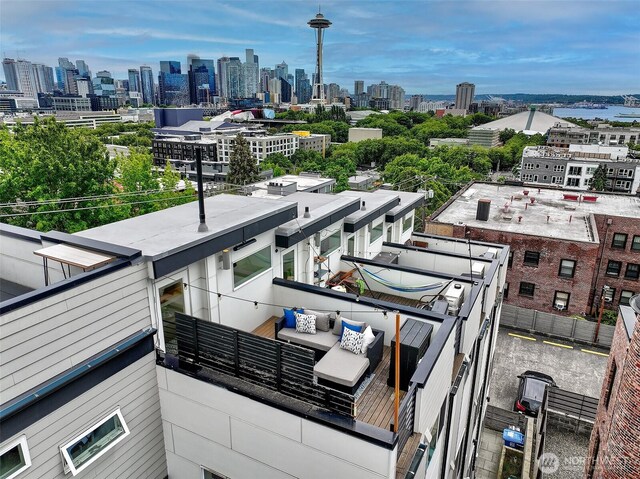 823 Warren Ave N, Seattle, WA 98109 - skyline view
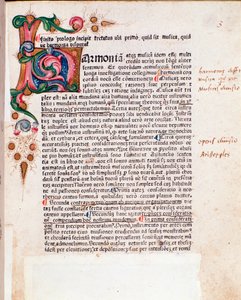 Pagina tratta dal De musica tractatus, di Bartolomeo Ramos de Pareia (1482)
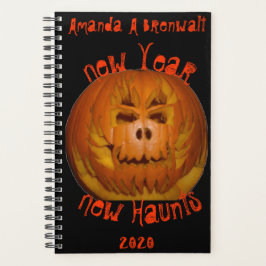 Pumpkin, flammender Schädel Planer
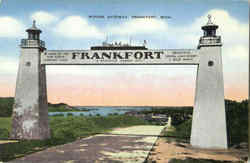 Marine Gateway Frankfort, MI Postcard Postcard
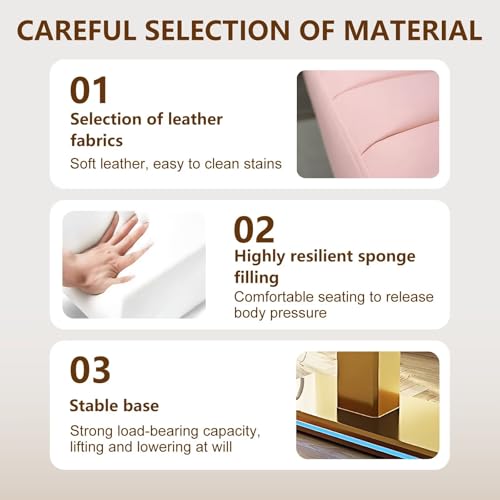 Larnavo Massage Table-Electric Massage Table with Pink Light Luxury Style, Facial Beauty Table Includes Intelligent Angle Adjustment, Ambient Light - Image 6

Exercise aim. The records must be copied with no word altered, and without their pictures.

Written answer.
 823 Warren Ave N, Seattle, WA 98109 - skyline view
 Pagina tratta dal De musica tractatus, di Bartolomeo Ramos de Pareia (1482)
 Pumpkin, flammender Schädel Planer
 Marine Gateway Frankfort, MI Postcard Postcard
 Larnavo Massage Table-Electric Massage Table with Pink Light Luxury Style, Facial Beauty Table Includes Intelligent Angle Adjustment, Ambient Light - Image 6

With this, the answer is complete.